▶ _Task description_:
Beginning with the line below that contains "Stanno - Bolt Trikot Schwarz" and ending with the line that contains "BMW Seria 1 118d Sport - 22", copy every line exactly. Copy nothing else.

▶ _Data in this exercise_:
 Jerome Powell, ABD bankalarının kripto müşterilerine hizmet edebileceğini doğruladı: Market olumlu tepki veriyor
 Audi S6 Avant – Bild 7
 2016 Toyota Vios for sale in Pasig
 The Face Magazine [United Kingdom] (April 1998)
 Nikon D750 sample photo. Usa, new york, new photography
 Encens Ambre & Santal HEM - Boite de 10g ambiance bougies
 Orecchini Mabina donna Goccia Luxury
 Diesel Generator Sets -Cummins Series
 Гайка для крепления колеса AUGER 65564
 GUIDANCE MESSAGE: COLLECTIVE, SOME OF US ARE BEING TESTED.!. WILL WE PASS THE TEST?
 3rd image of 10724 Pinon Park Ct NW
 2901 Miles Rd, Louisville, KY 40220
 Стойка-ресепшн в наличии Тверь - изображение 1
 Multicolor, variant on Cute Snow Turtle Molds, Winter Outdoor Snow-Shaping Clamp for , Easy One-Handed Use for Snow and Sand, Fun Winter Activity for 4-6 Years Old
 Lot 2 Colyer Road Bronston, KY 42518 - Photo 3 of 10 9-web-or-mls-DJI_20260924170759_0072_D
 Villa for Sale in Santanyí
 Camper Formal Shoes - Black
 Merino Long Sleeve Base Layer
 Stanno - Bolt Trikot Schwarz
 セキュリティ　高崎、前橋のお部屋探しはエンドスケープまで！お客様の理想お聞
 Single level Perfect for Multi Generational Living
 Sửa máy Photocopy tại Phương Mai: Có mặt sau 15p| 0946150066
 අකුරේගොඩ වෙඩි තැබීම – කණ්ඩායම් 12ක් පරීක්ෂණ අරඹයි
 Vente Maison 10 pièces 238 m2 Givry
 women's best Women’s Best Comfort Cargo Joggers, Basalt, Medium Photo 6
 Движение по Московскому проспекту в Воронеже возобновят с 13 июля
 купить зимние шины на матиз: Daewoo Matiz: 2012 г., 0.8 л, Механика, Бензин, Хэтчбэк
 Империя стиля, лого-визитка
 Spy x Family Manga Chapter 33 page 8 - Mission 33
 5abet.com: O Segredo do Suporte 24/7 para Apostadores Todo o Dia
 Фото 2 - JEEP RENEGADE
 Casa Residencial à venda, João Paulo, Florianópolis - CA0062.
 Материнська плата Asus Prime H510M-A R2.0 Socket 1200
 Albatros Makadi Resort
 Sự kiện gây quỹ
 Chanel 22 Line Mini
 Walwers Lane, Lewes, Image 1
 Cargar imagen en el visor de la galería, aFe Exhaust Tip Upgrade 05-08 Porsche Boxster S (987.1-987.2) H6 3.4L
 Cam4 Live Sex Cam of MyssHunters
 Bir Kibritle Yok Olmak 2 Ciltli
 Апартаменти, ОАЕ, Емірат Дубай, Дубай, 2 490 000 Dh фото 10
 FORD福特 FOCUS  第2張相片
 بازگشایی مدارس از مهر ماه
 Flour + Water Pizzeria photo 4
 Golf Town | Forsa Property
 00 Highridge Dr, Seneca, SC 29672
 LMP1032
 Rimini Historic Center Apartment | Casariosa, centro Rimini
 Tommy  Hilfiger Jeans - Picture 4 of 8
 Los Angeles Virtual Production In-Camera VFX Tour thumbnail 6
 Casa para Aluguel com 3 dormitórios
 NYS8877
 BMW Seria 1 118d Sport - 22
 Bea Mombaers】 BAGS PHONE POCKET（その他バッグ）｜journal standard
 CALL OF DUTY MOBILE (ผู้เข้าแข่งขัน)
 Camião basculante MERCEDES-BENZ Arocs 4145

▶ _Exercise solution_:
 Stanno - Bolt Trikot Schwarz
 セキュリティ　高崎、前橋のお部屋探しはエンドスケープまで！お客様の理想お聞
 Single level Perfect for Multi Generational Living
 Sửa máy Photocopy tại Phương Mai: Có mặt sau 15p| 0946150066
 අකුරේගොඩ වෙඩි තැබීම – කණ්ඩායම් 12ක් පරීක්ෂණ අරඹයි
 Vente Maison 10 pièces 238 m2 Givry
 women's best Women’s Best Comfort Cargo Joggers, Basalt, Medium Photo 6
 Движение по Московскому проспекту в Воронеже возобновят с 13 июля
 купить зимние шины на матиз: Daewoo Matiz: 2012 г., 0.8 л, Механика, Бензин, Хэтчбэк
 Империя стиля, лого-визитка
 Spy x Family Manga Chapter 33 page 8 - Mission 33
 5abet.com: O Segredo do Suporte 24/7 para Apostadores Todo o Dia
 Фото 2 - JEEP RENEGADE
 Casa Residencial à venda, João Paulo, Florianópolis - CA0062.
 Материнська плата Asus Prime H510M-A R2.0 Socket 1200
 Albatros Makadi Resort
 Sự kiện gây quỹ
 Chanel 22 Line Mini
 Walwers Lane, Lewes, Image 1
 Cargar imagen en el visor de la galería, aFe Exhaust Tip Upgrade 05-08 Porsche Boxster S (987.1-987.2) H6 3.4L
 Cam4 Live Sex Cam of MyssHunters
 Bir Kibritle Yok Olmak 2 Ciltli
 Апартаменти, ОАЕ, Емірат Дубай, Дубай, 2 490 000 Dh фото 10
 FORD福特 FOCUS  第2張相片
 بازگشایی مدارس از مهر ماه
 Flour + Water Pizzeria photo 4
 Golf Town | Forsa Property
 00 Highridge Dr, Seneca, SC 29672
 LMP1032
 Rimini Historic Center Apartment | Casariosa, centro Rimini
 Tommy  Hilfiger Jeans - Picture 4 of 8
 Los Angeles Virtual Production In-Camera VFX Tour thumbnail 6
 Casa para Aluguel com 3 dormitórios
 NYS8877
 BMW Seria 1 118d Sport - 22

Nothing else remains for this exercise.